Ukrainian politician

Yehor Volodymyrovych Cherniev (Єгор Володимирович Чернєв; born 5 February 1985) is a Ukrainian politician currently serving as a People's Deputy of Ukraine from the Servant of the People party in the Verkhovna Rada, number 26 on the party's list. He is the Deputy Chairman of the Committee on National Security, Defence and Intelligence of the Verkhovna Rada of Ukraine, and the Chairman of the Permanent Delegation of Ukraine at the NATO Parliamentary Assembly.

== Early life and career ==
Yehor Volodymyrovych Cherniev was born on 5 February 1985 in Berdiansk, then part of the Soviet Union.

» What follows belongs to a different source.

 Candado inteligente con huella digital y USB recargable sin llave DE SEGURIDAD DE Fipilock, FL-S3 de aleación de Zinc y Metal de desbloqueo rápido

In 2007, he graduated from the Kyiv National University of Culture and Arts with a degree in public relations management. The next year, he graduated from Kyiv National Economic University with a degree in business economics. He has also graduated from King's College London with a master's degree in science in public policy and management.

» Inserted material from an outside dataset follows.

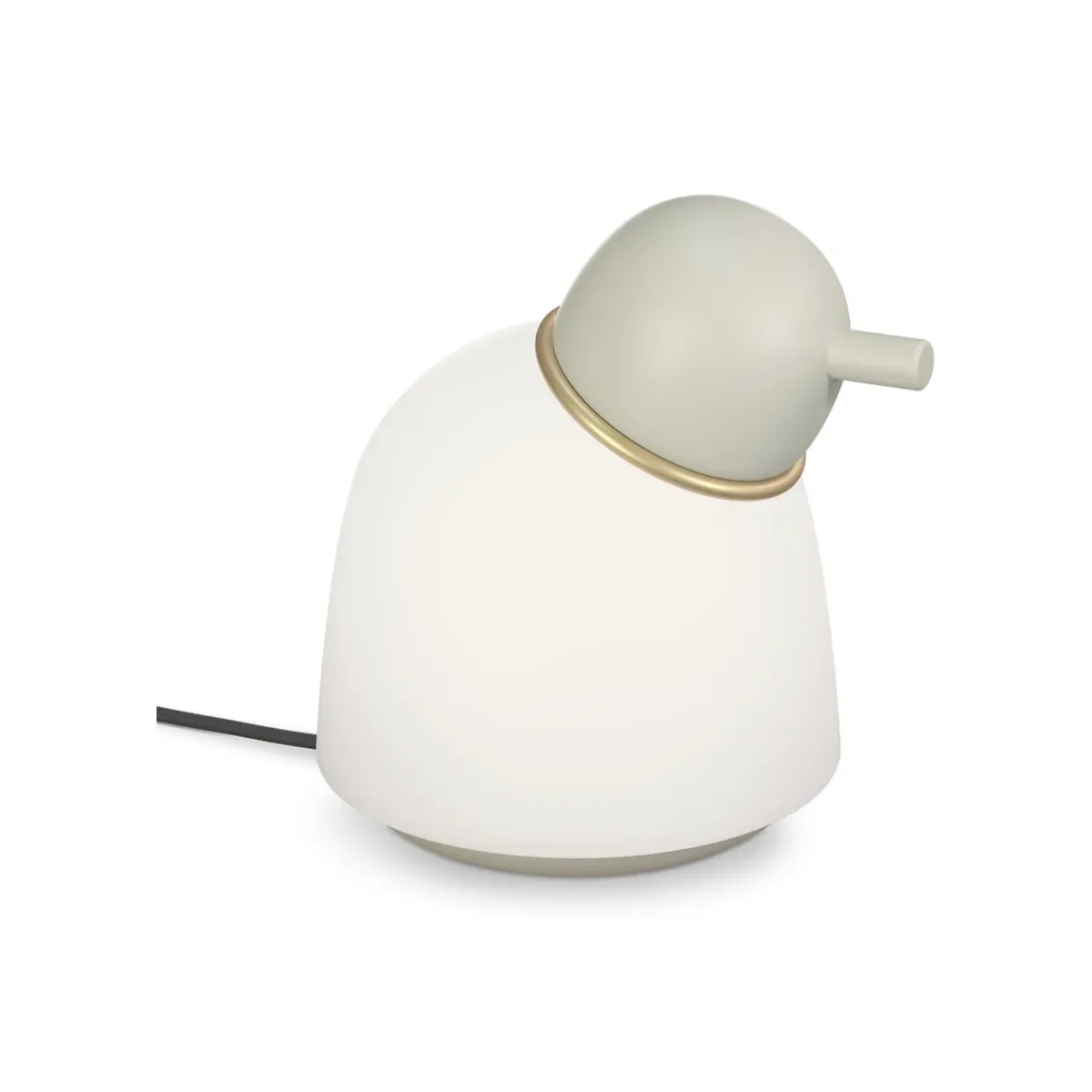 Bird table lamp H21.5 cm metal/glass sand/brass/opal glass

Following the beginning of the Russo-Ukrainian War in 2014, he joined the National Guard of Ukraine.

== Political career ==
Cherniev was elected as a People's Deputy of Ukraine in the 2019 Ukrainian parliamentary election as number 26 on Servant of the People's party list, and was an independent at the time of election.

From August 2019 to October 2022, he served as Deputy Chairman of the Digital Transformation Committee of the Verkhovna Rada of Ukraine.

He is currently Deputy Chairman of the Committee on National Security, Defence and Intelligence of the Verkhovna Rada of Ukraine, Chairman of the Permanent Delegation of Ukraine at the NATO Parliamentary Assembly.

In 2020, during the debate surrounding the so-called "anti-Kolomoyskyi law" (Bill 2571-d), he alleged that many MPs were receiving text messages from a Russian-linked phone number intending to influence their vote and not to oppose Kolomoiskyi. Later that year, he publicly called for the removal of Vitold Fokin from the Trilateral Contact Group on Ukraine due to his support for general amnesty for all militants, special statuus for Donetsk and Luhansk, and implying equivalence between Ukrainian and Russia forces. In January 2021, he was also the first MP from the Servant of the People to openly support removing Oleksandr Dubinsky from the faction. He reasoned that Ukraine could not ignore the U.S. sanctions against Dubinsky for alleged ties to Andrii Derkach, and that relations with the U.S. outweighed internal factional politics.